It was May 4, 1970 when the unthinkable happened. It’s preserved as a single searing image: a photograph of a young woman, semi-kneeling before a man lying face down on the pavement. The woman’s arms are extended, imploring, distraught, frozen in time forever. The onlookers seem oddly calm and distracted, immobile. The contrasting themes of the photograph are still vivid nearly 50 years later.

Kent State. Just hearing those two words conjures the image every time. I just learned that the woman in the image indelibly etched in my memory was a 14-year-old runaway who had joined the campus demonstration against the U.S. bombing in Cambodia. I suspect that the moment the photographer pressed the shutter it coincided exactly with the end of her childhood.

Most young people today can’t accurately tell you what if anything happened at Kent State the day the Ohio National Guard fired 67 rounds of live ammunition into a crowd of unarmed campus protesters. Nearly half the regiment of guardsmen armed with M-1 rifles and fixed bayonets fired into the crowd. Two of the four people killed were students hundreds of yards away from the mayhem walking to class. It used to trouble me that so few college age students today have any knowledge of what happened that day. The student protesters at Kent State that day were derided as un-American by Gov. James Rhodes. Dissidents and revolutionaries and 58 per cent of Americans polled at the time felt that the students were responsible. Even stranger, 31 per cent of people polled had no opinion at all.

The horror of what happened that day at Kent State has been eclipsed many times over in the decades since. The words “shooting” and “school” didn’t used to appear in the same sentence, but sadly it has become commonplace, even ordinary.
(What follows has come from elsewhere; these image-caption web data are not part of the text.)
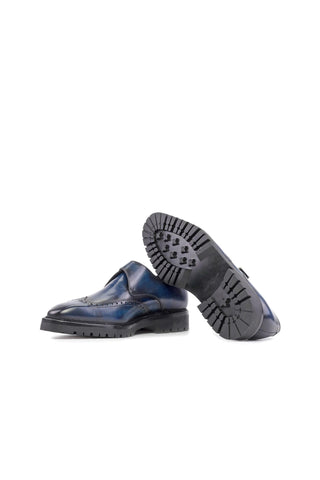 Ambrogio Bespoke Denim Patina Leather Monk Strap (AMB2409)-AmbrogioShoes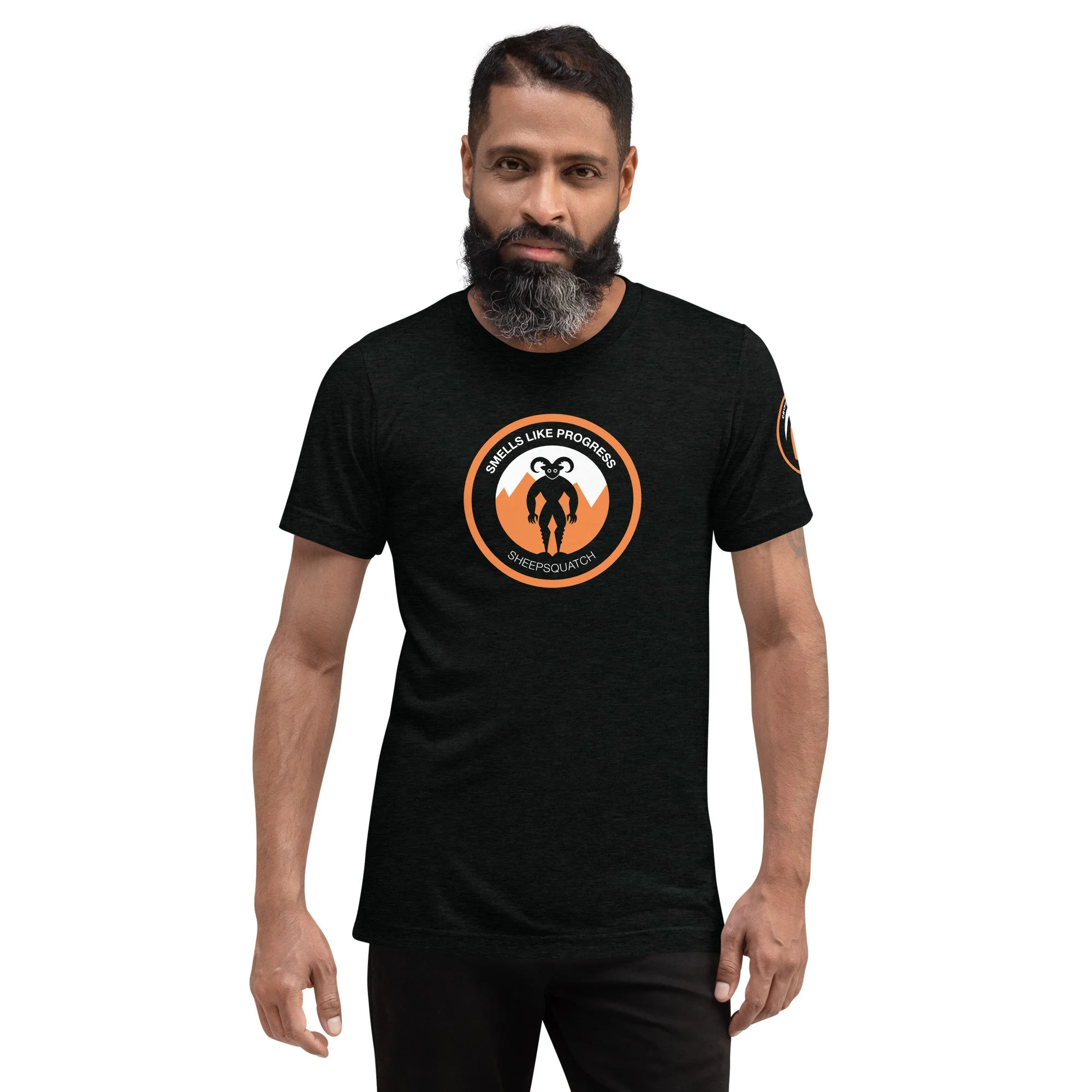 SheepSquatch - Orange on Black Tee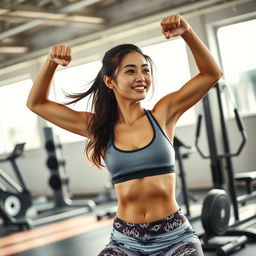 An Asian woman engaging in an energetic workout, showcasing her determination and strength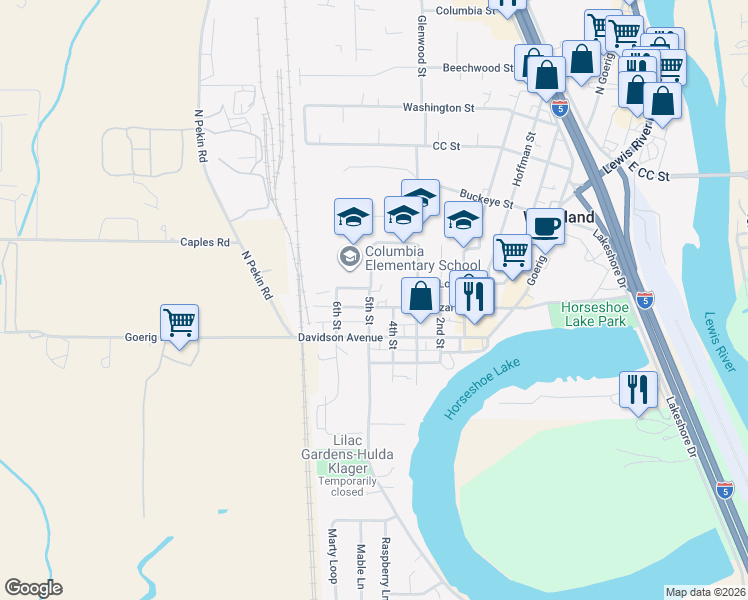 map of restaurants, bars, coffee shops, grocery stores, and more near 560 Bozarth Avenue in Woodland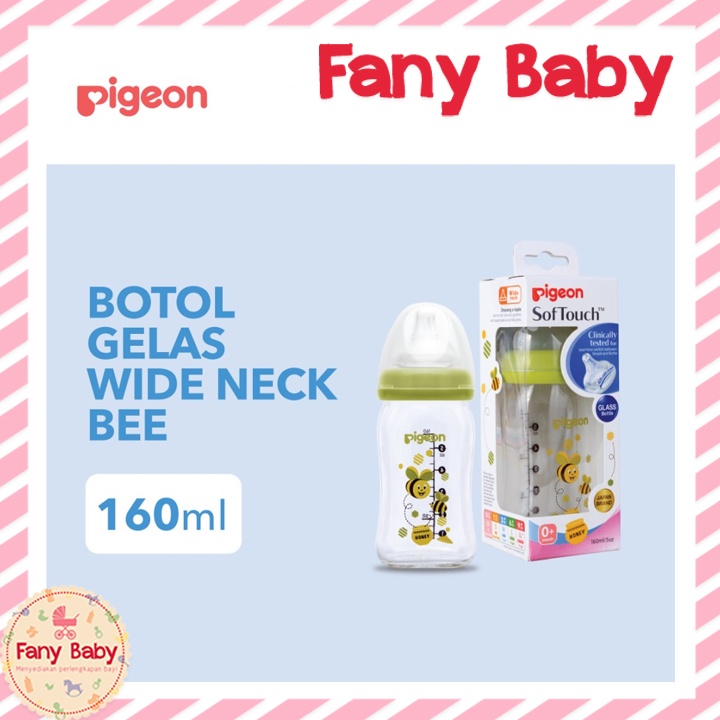 PIGEON SOFT TOUCH GLASS BOTTLE BEE 160ML &amp; 240ML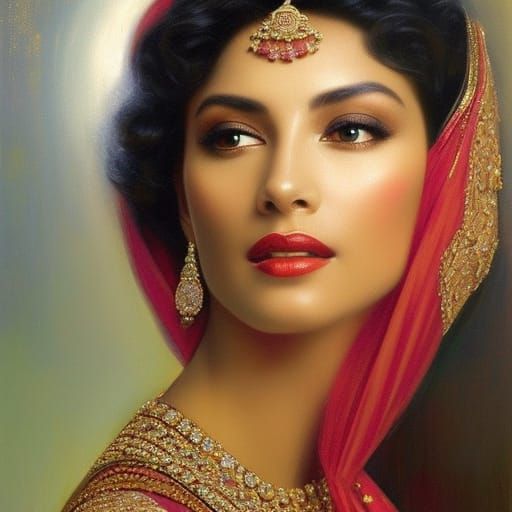 Empress in Rubies and Emeralds: Charcoal Illustration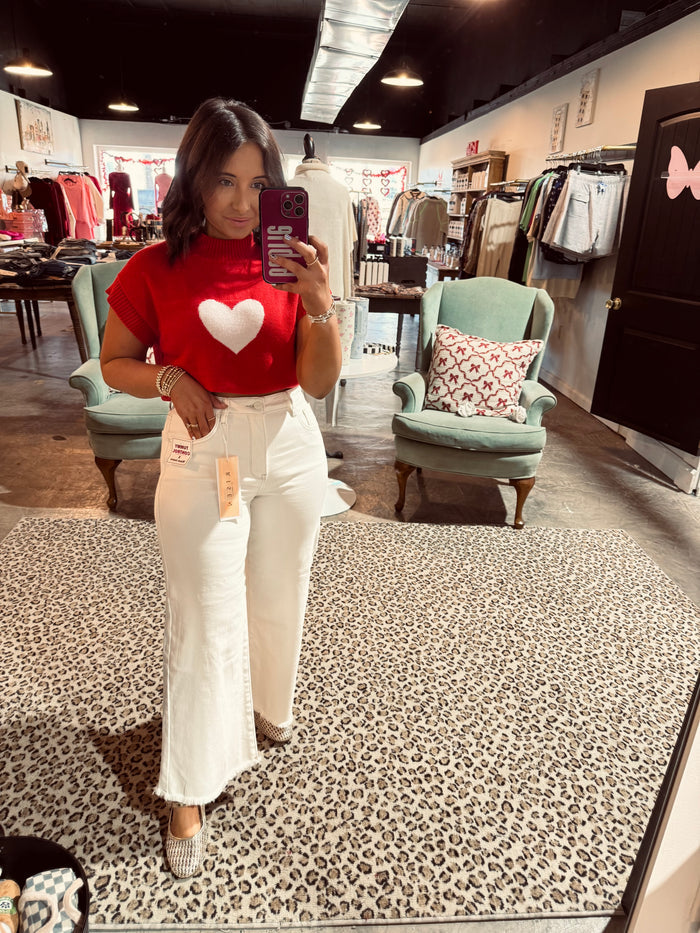 Cream Crop Risen Pant
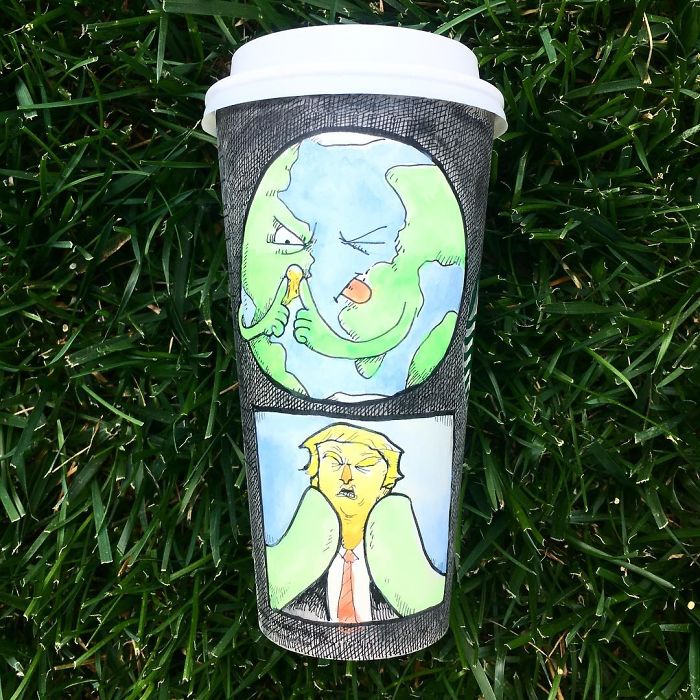 I Draw Cartoons Every Day, Sometimes On Coffee Cups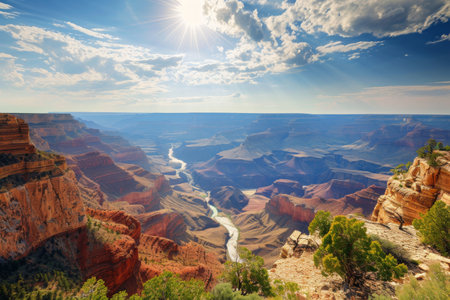 The sun casts a vibrant light on the majestic Grand Canyon, revealing its stunning natural beauty, Fantastic view of the Grand Canyon under the midday sun, AI Generatedの素材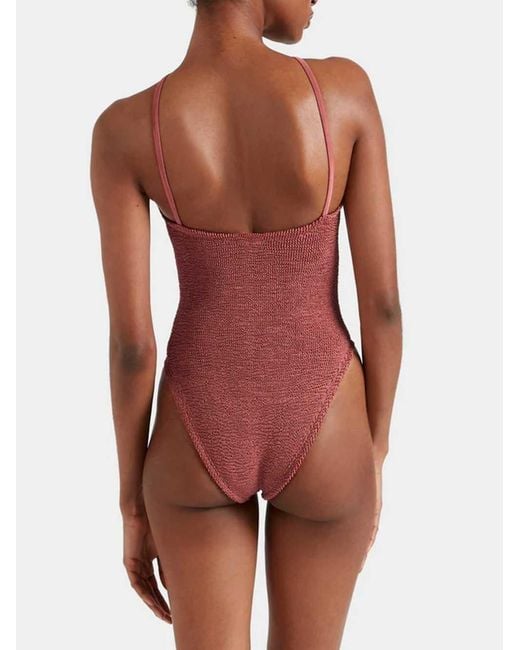 Hunza G Red Jasmine Swimsuit With Crinkled Effect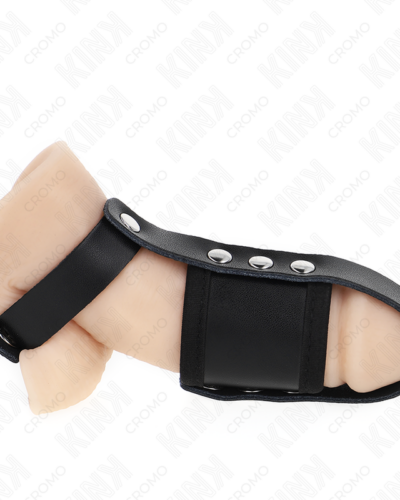 Kink - Leather Penis Cage Ring With Adjustable Coated Ball Divider Strap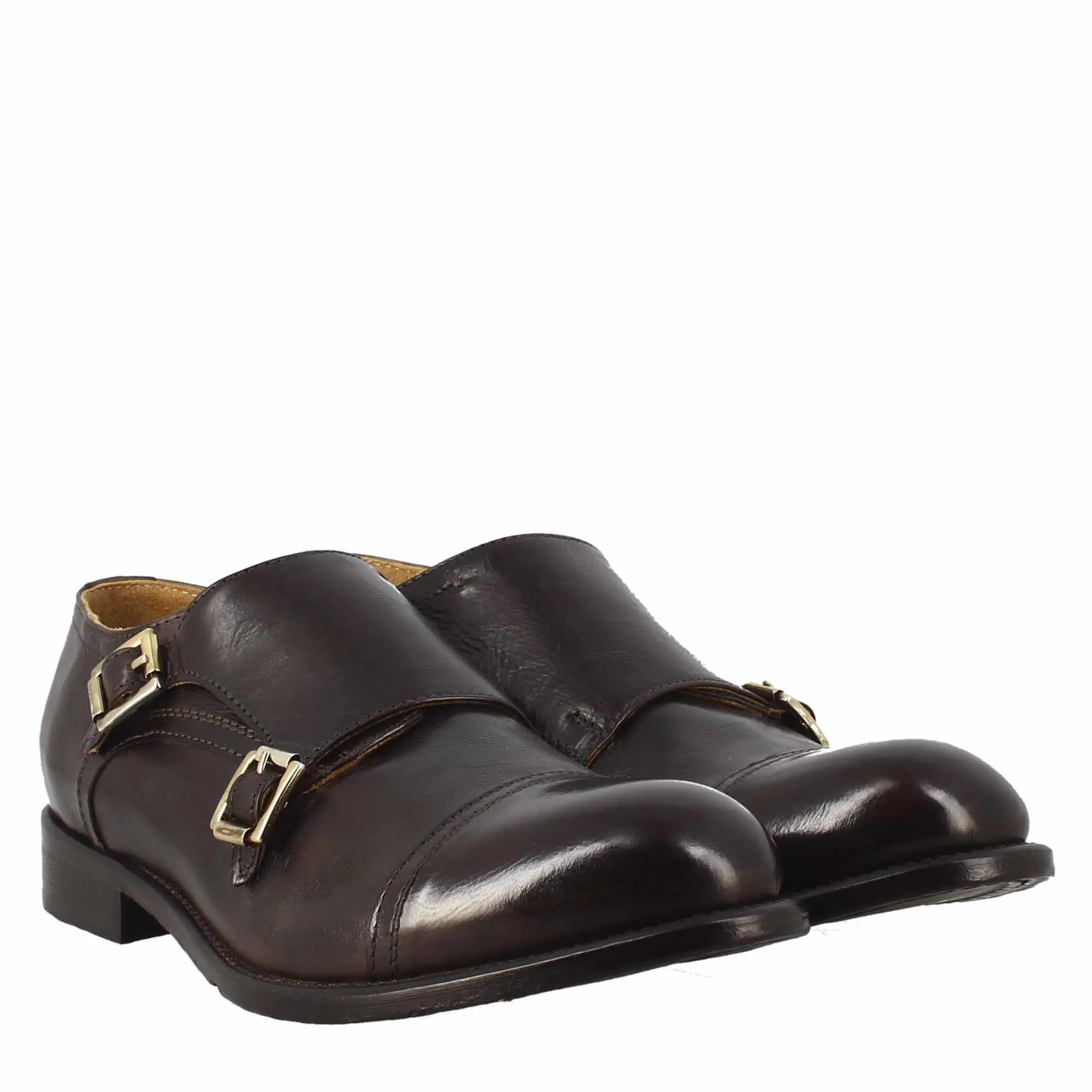 Scarpa doppia fibbia bronzo vintage elegante da uomo in pelle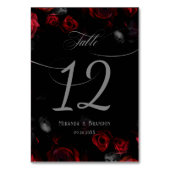 Elegant Custom Zwart en Rood Bloemen Bruiloft Kaart (Achterkant)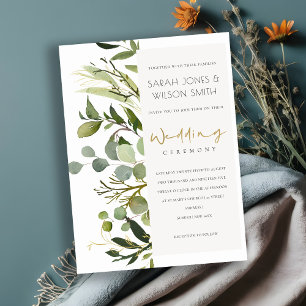 WATERVERF VAN ELEGANTE LEAFY GREEN FOLIAGE WEDDING KAART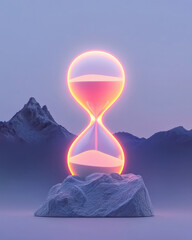 Poster - A minimalist scene featuring a transparent hourglass with bold neon sand, each grain illuminated to highlight the fleeting nature of time,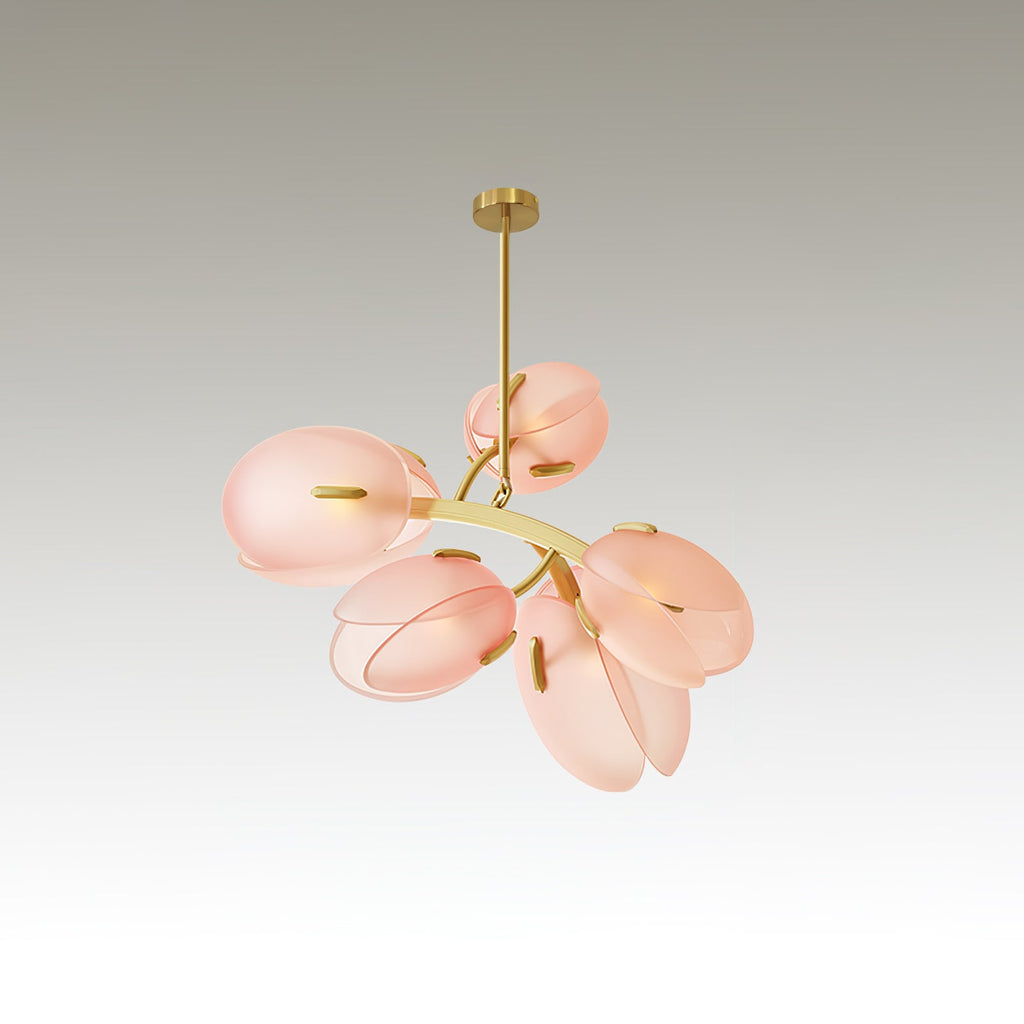 Tulip Bud Chandelier | Hand-Blown Glass, Gold Finish & Ideal for Indoor Spaces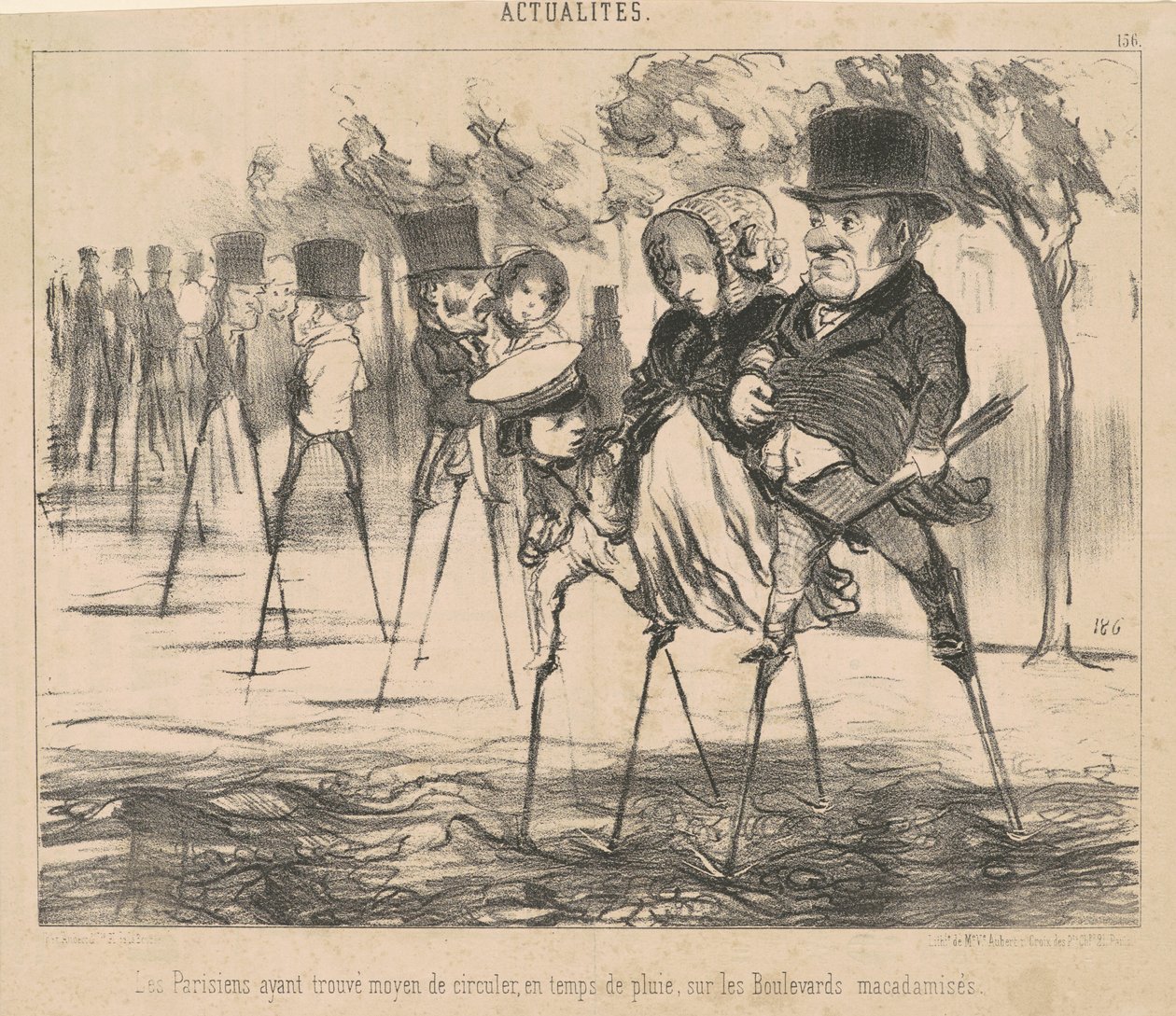 Parisare har hittat ett sätt att ta sig runt... av Honoré Daumier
The same story, the same news flash, another school shooting . . . the eventual body count and then we move on. We have become inured to it and feel helpless. The pure absurdity of young people being murdered while attending school is so bizarre that we can’t react properly. We can’t express our outrage and instead we are subjected to solutions as incomprehensible as arming teachers, encouraging students to learn CPR and similar blather. More words are spent on the rights of the gun owners than on the rights of the murdered. And the politicians seem able to remain oddly detached from the whole thing.

Even a call to begin discussing sensible measures to stem the flow of innocent blood from the veins of mere children gets stonewalled and stopped in its tracks. Thoughts and prayers are the standard offering instead. The pattern is curiously drawn entirely along party lines. An overwhelming number of Republican elected officials simply refuse to engage in any discussion at all that might lead to restricting the rights of unfit individuals no matter what sort of carnage keeps occurring. But it is no surprise when you follow the money, the lifeblood of today’s politics, since these people are paid factotums of the NRA and are even rated for their compliance.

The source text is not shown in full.